This might seem like subjectivism, but this is the historic doctrine that has been recognized throughout the ages by the theologians of the faith, most notably John Calvin and Herman Bavinck. This doctrine is not to be confused with the Mormon doctrine of “burning in the bosom”, though they sound similar. Many false doctrines are based on truth, and here the Christian must recognize that God’s Word is the means that He is speaking to His people in these last days, regardless of how that doctrine has been twisted by other systems. 

What distinguishes this doctrine from its Mormon counterpart is that this reception of the Scriptures by the people of God is not purely individualistic. The text of Scripture, as it has been handed down, exists ontologically, not just subjectively. There is a concrete shape of God’s Word that exists, and the people of God have had that Word in every generation. The text of Scripture must primarily be viewed as a covenantal document given to the covenant people of God for their use in all matters of faith and practice (LBCF 1.1). That does not mean that all those professing Christianity throughout the ages have agreed upon what belongs in Scripture, or that every Christian has had access to the whole of Scripture in every generation. In fact, there are a multitude of Christians that do not have access to God’s Word, either by circumstance, or by choice. 

It is important to take note of how the Apostolic church received the text of Holy Scripture to understand the doctrine of exposure as it relates to preservation. In the New Testament, there is never a case where Scripture is said to be a gift delivered to individual people. The Scriptures were always a corporate blessing to the covenant people of God (Acts 15:14; Titus 2:14; 1 Peter 2:9). In the testimony of Scripture itself, we can see that God delivers His Word to the people of God, not individual people of God. So the doctrine of exposure does not crumble due to certain individuals not having a copy of the Bible at all times. If this were the case, the fact that there are Christians who simply do not own a Bible would discredit this doctrine altogether. 
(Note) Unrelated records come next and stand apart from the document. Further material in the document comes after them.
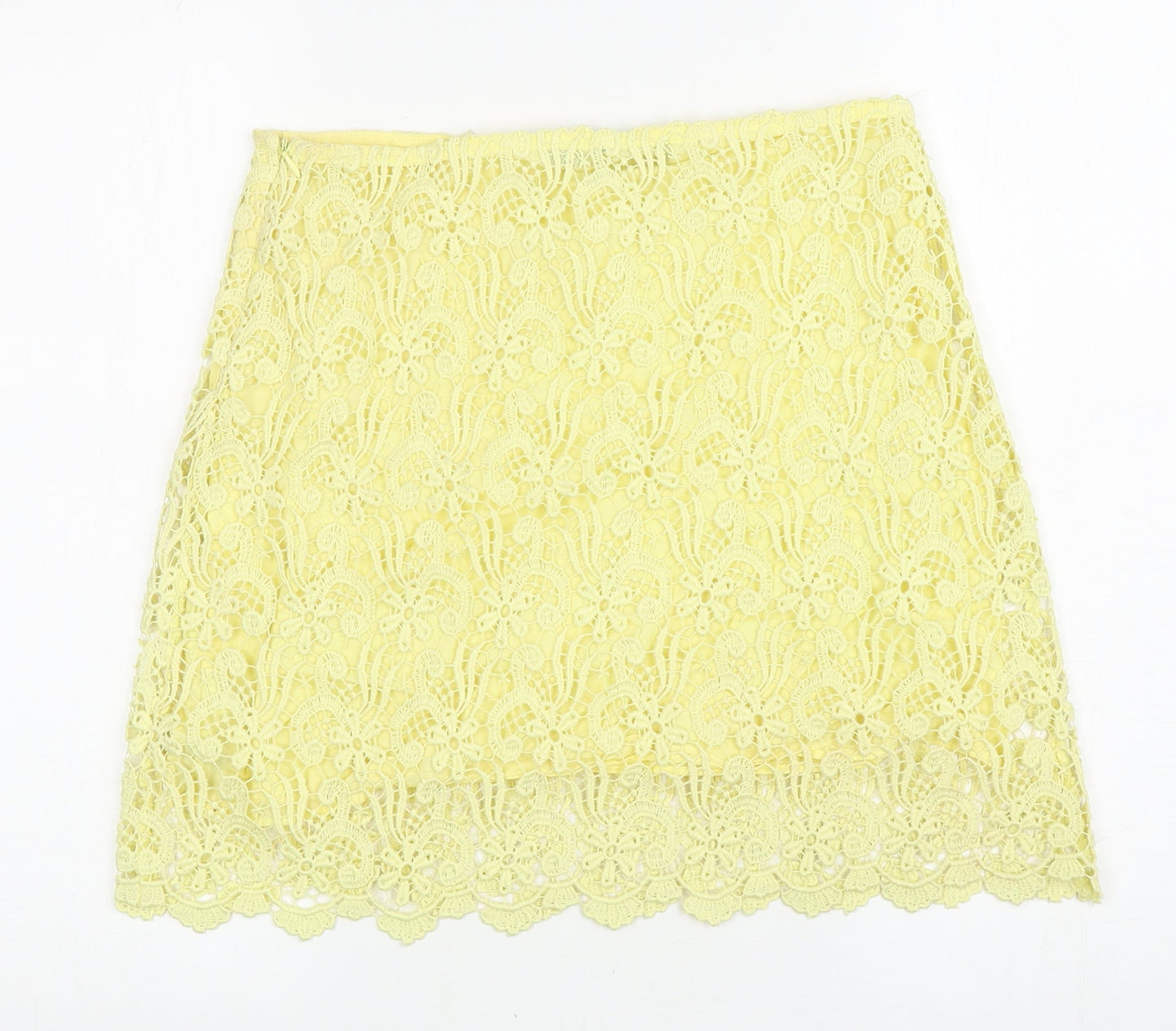 Zara Womens Yellow Floral Cotton A-Line Skirt Size S Zip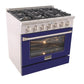 Kucht Professional 36 in. 5.2 cu ft. Natural Gas Range with Blue Door and Silver Knobs, KNG361-B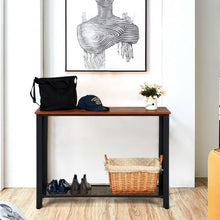 Load image into Gallery viewer, Metal Frame Wood Console Sofa Table with Storage Shelf-Brown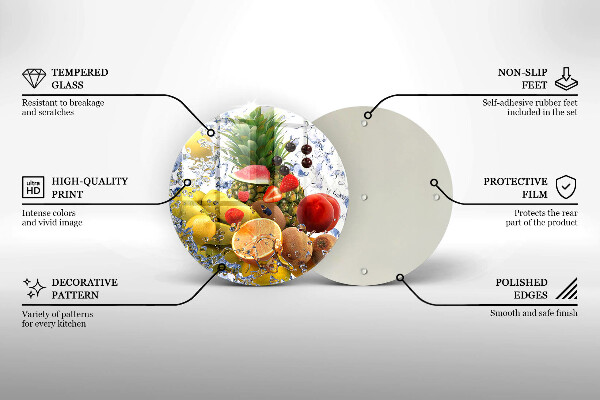 De vidrio templado Fruta jugosa y agua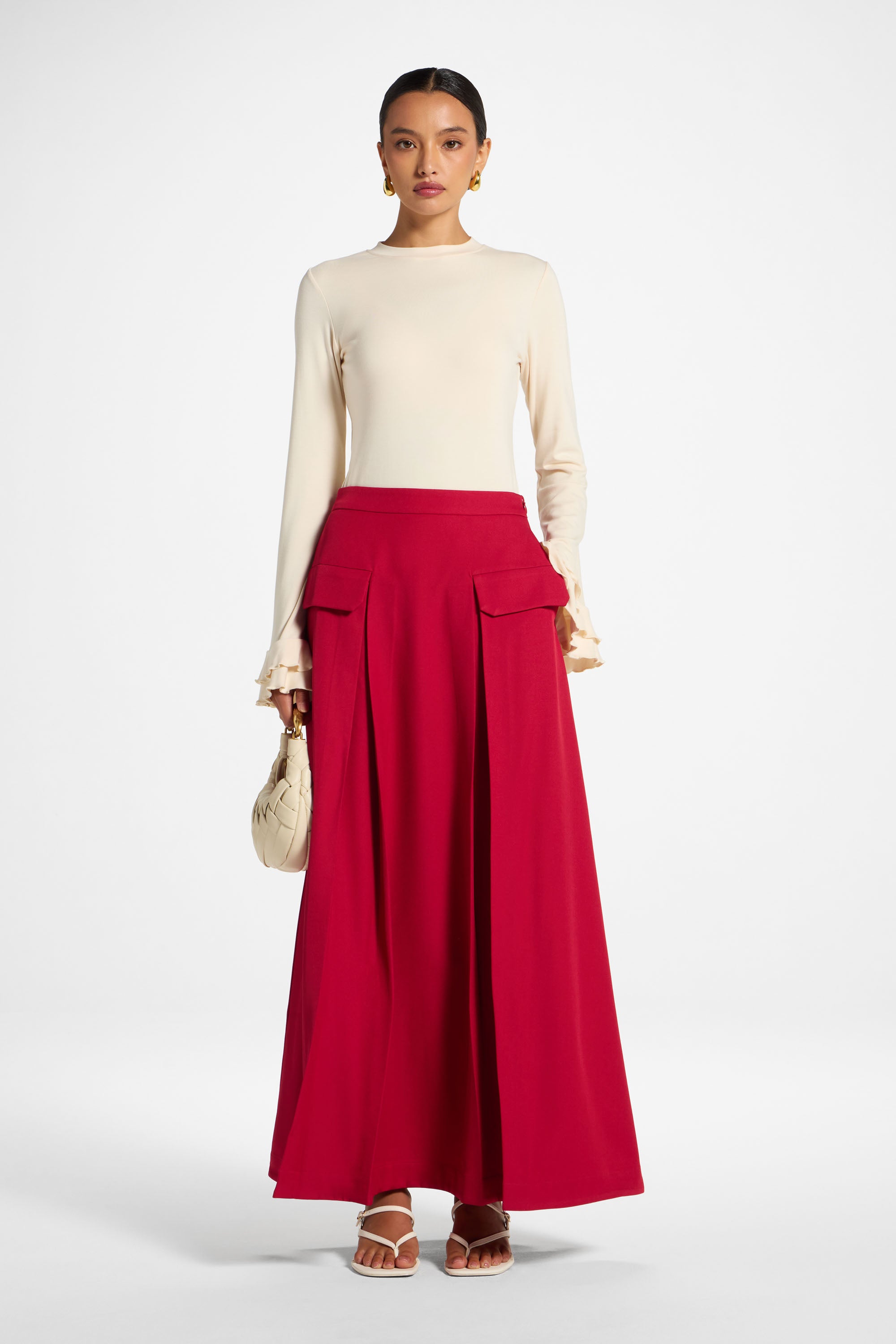 Pleated Maxi Skirt - Cherry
Despite the fact that the Canon is recognized in part by its corporate reception, this doctrine of providential exposure does not rest on ecclesiastical authority, as the papists might claim. There is no one single church which is responsible for giving authority to the text of Holy Scripture. In fact, no church could give authority to the Scriptures, they are authoritative in themselves (αυτοπιστος). Kruger explains this well, “The books received by the church inform our understanding of which books are canonical not because the church is infallible o because it created or constituted the canon, but because the church’s reception of these books is a natural and inevitable outworking of the self-authenticating nature of Scripture” (106).

It must be stated, that Kruger makes the distinction between the canon, and the text of the canon, which is the common thought amongst conservative scholarship. Upon examination of the theological method  however, there does not seem to be good reason to separate the two. If the doctrinal foundation of providential exposure demonstrates the “efficacy of the Shepherd’s voice to call”(106), then it follows that there must be a definitive voice that does the calling. The name of a canonical book is simply not efficacious to call sinners to repentance and faith. Simply listing off the canonical list is not the Gospel call. So the material that is providentially exposed to the people of God must also contain the substance which is effective unto life by the power of the Holy Spirit. God has not just preserved the book sleeves of the Bible, He has also preserved the words within those book sleeves. 

Since the Bible is self-authenticating, Christians cannot look to the totality or purity of its reception to determine which books or texts of the Bible should be received today. That is to say that because the majority of the Christian people do not accept one passage as authentic today, does not mean that it has not been properly received in the past, or that it is not ontologically a part of the canon. A passage of Scripture may not have been accepted as canonical by various groups throughout history, and this has indeed been the case, usually due to theological controversy. 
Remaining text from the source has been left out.